What to produce:
Below are the records; copy exactly the lines from the first through the one containing "Фото тату молния", both included, and leave out the pictures.
------ Data for analysis ------
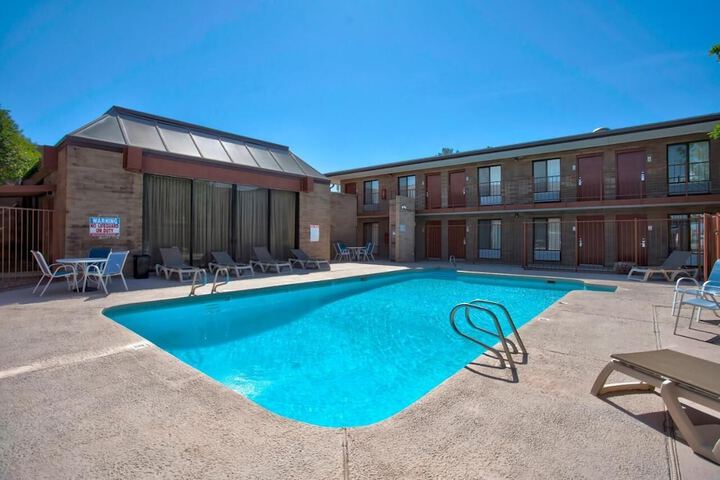 Pool 9 of 10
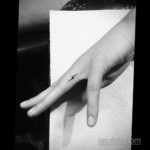 Фото тату молния на пальце 14.09.2019 №005 - finger lightning tattoo - tatufoto.com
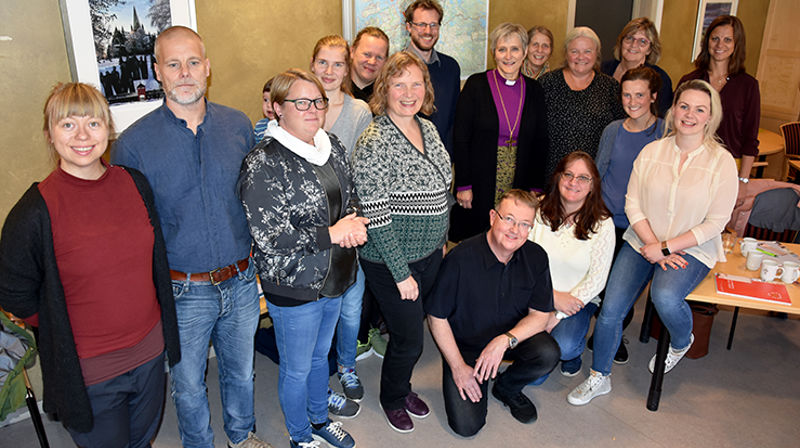 Deltagere på nyansattsamling. Stående fra venstre: Marit Arnesen Bergendahl (vikar trosopplæring, Nidaros domprosti), Martin Ottosen (sokneprest, Lierne/Røyrvik), Janne Grete Jørstad (prestevikar, Inderøy), Åshild Hugdal (menighetspedagog, Melhus), Anne Beate Leivann (sokneprest, Stod), May Slettan (prestevikar, Ørland/Bjugn), Lars Christoffer Skogrand (kateketvikar, Byåsen), biskop Herborg Finnset, trosopplæringsrådgiver Vigdis Aanderaa Aakre, diakonirådgiver Britt Arnhild Wigum Lindland, Inger Helene Halsen (menighetspedagog, Tiller) og undervisningsrådgiver Aud Kristin Saltvik Aasen. Sittende fra venstre: Ole Dahle (prostiprest/sokneprest, Namdal/Namsskogan), Tina Marie Rødde Paulsen (trosopplærer, Ørland), Ingvild Yrke (menighetspedagog, Ilen) og Anna Nicoline Segtnan Menzoni (vikar menighetspedagog, Byåsen). (Foto: Magne Vik Bjørkøy)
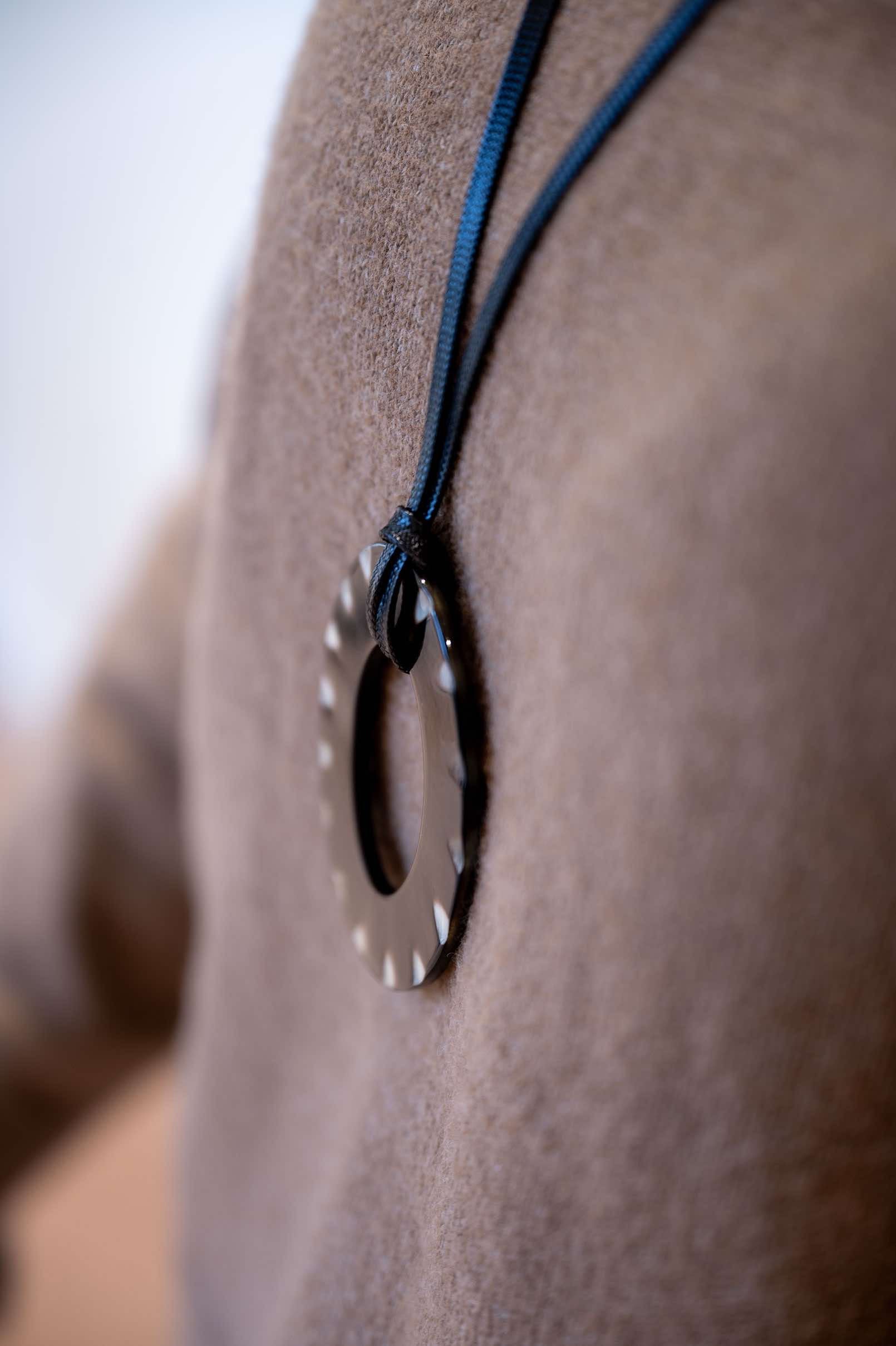 ATELIER1811 Pendentif Colette Naturel Noir & Blanc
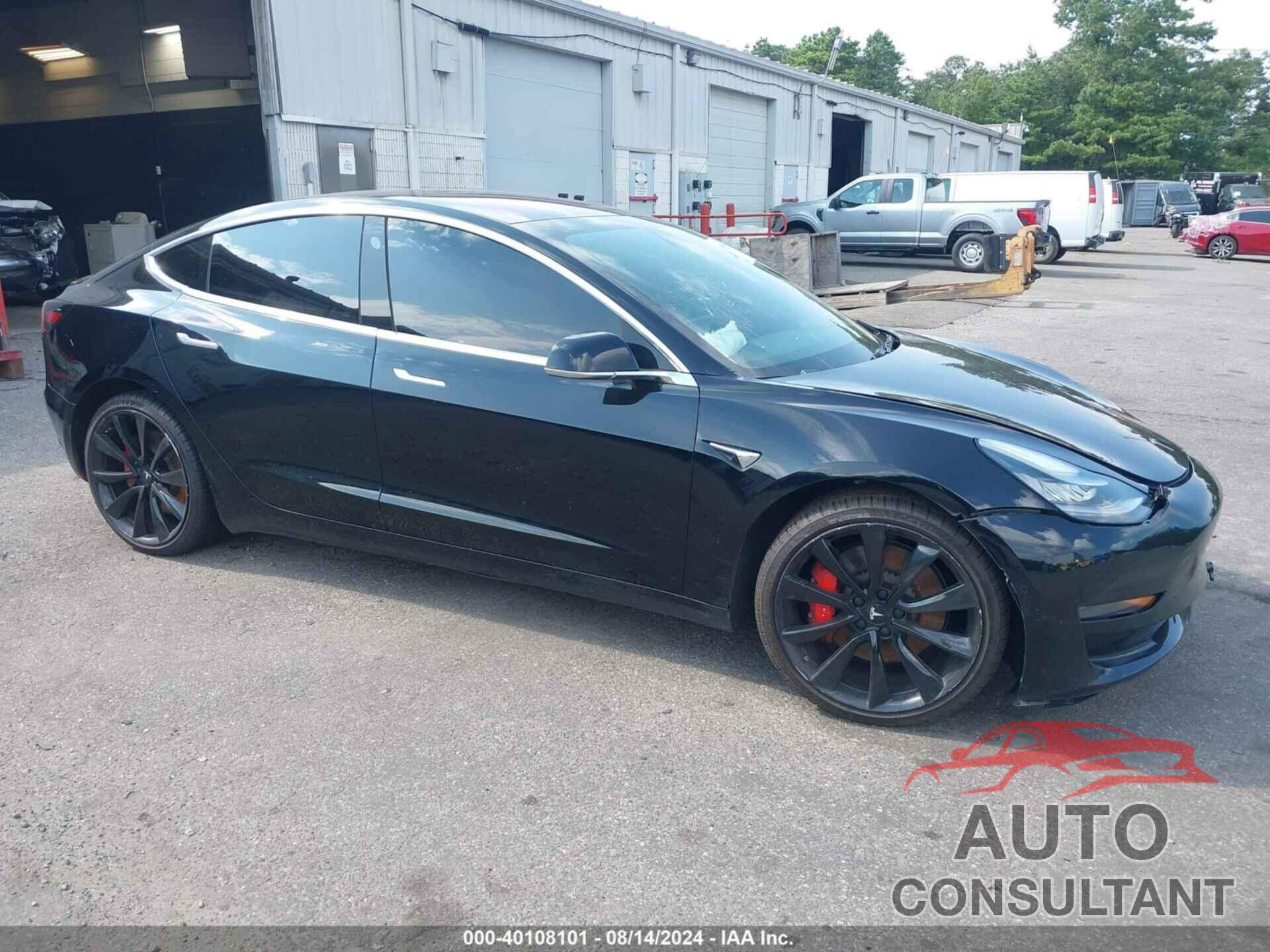 TESLA MODEL 3 2019 - 5YJ3E1EB0KF440738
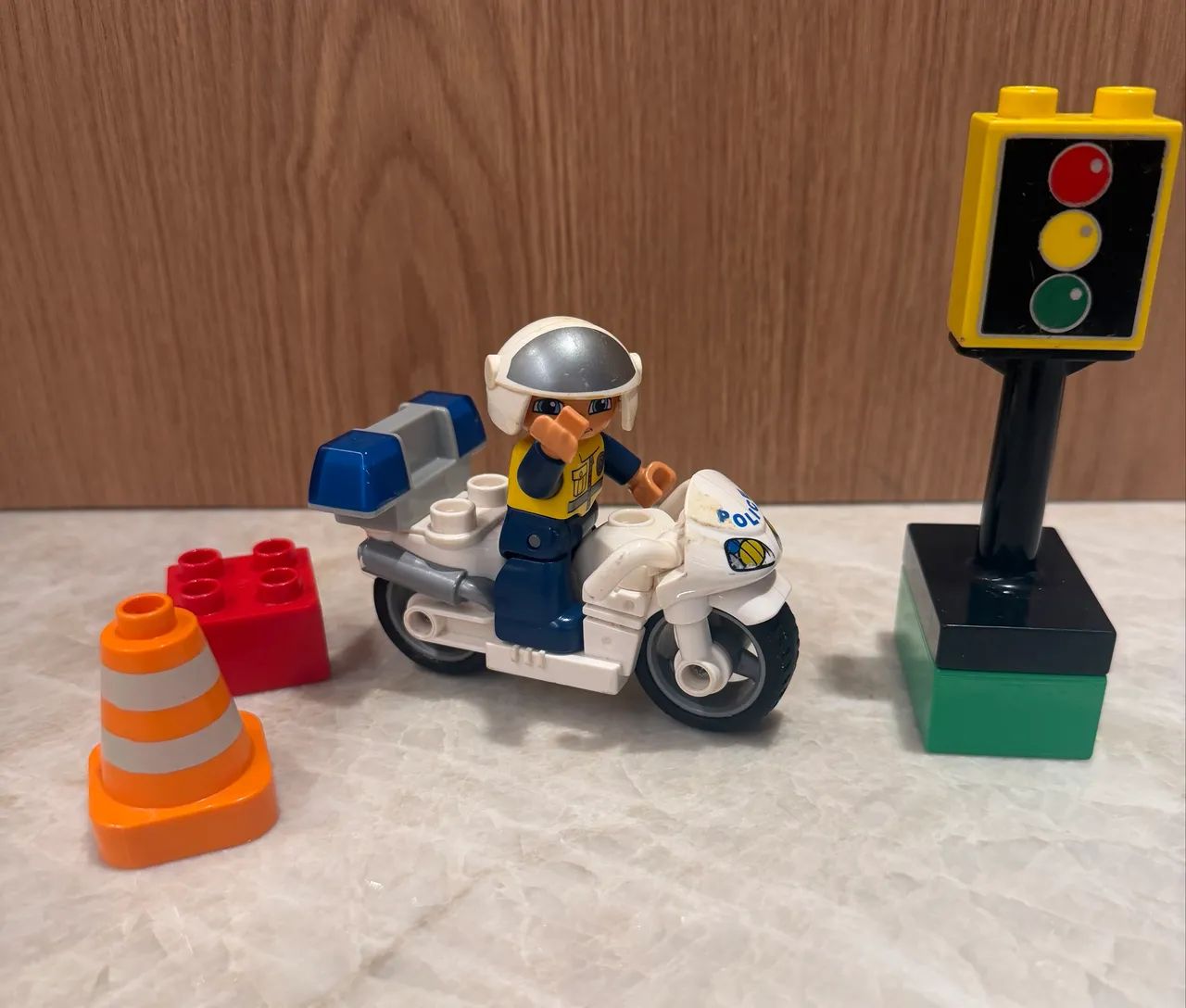 Lego Duplo - Moto de Polícia 
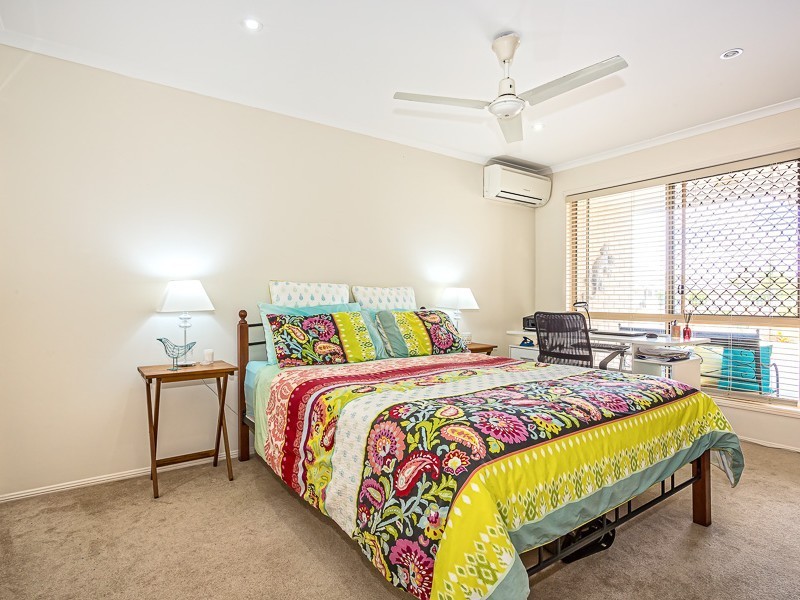1/19 Bowsprit Crescent, Banksia Beach QLD 4507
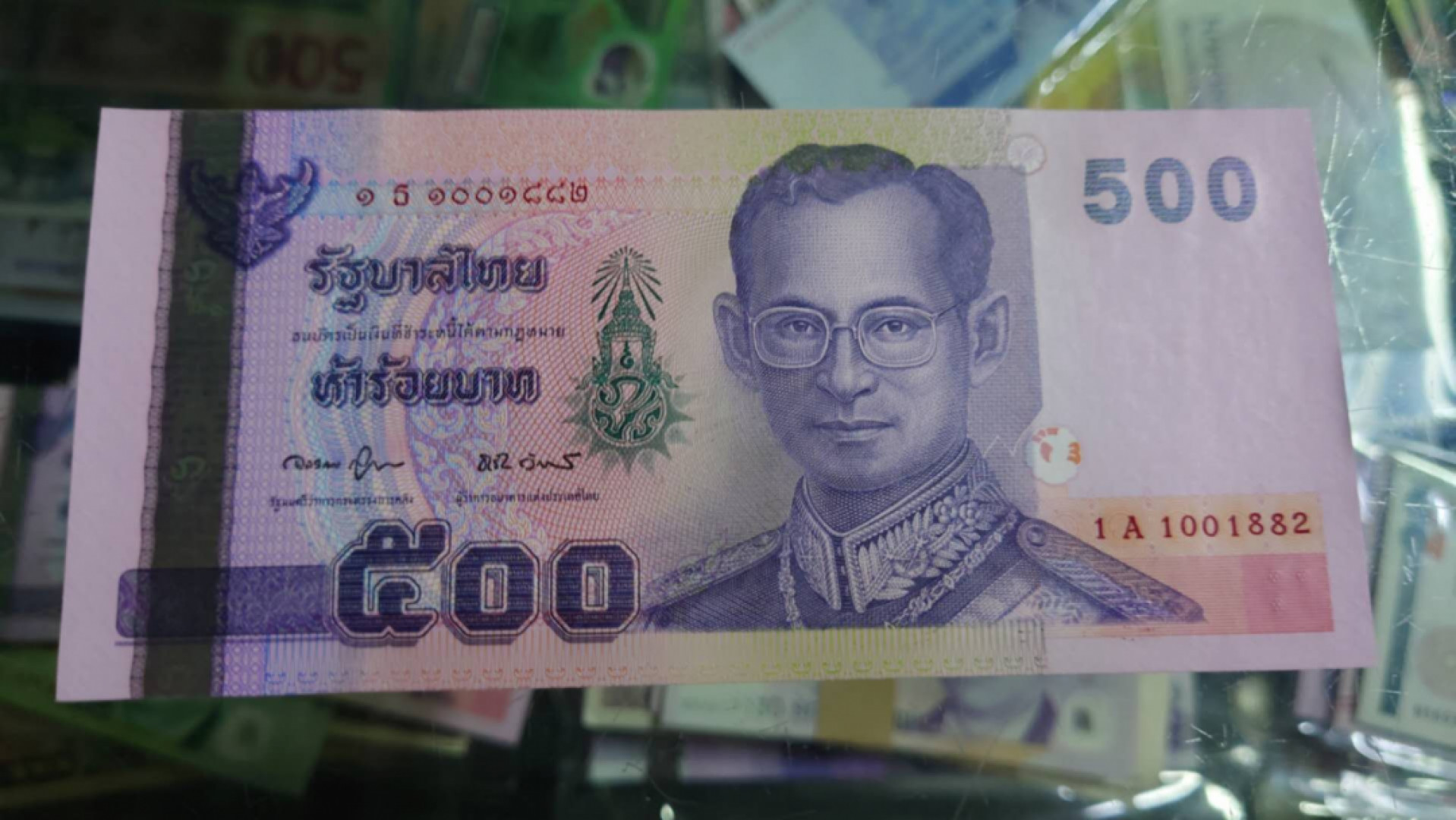 今晚八点半【囧羊收藏】精选微拍第43期暨2021年第三十四期 世界纸币精选 2001年泰国500 全新UNC刀拆品 1A冠 全程无47尾号882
------
Result:
 Pool 9 of 10
 Фото тату молния на пальце 14.09.2019 №005 - finger lightning tattoo - tatufoto.com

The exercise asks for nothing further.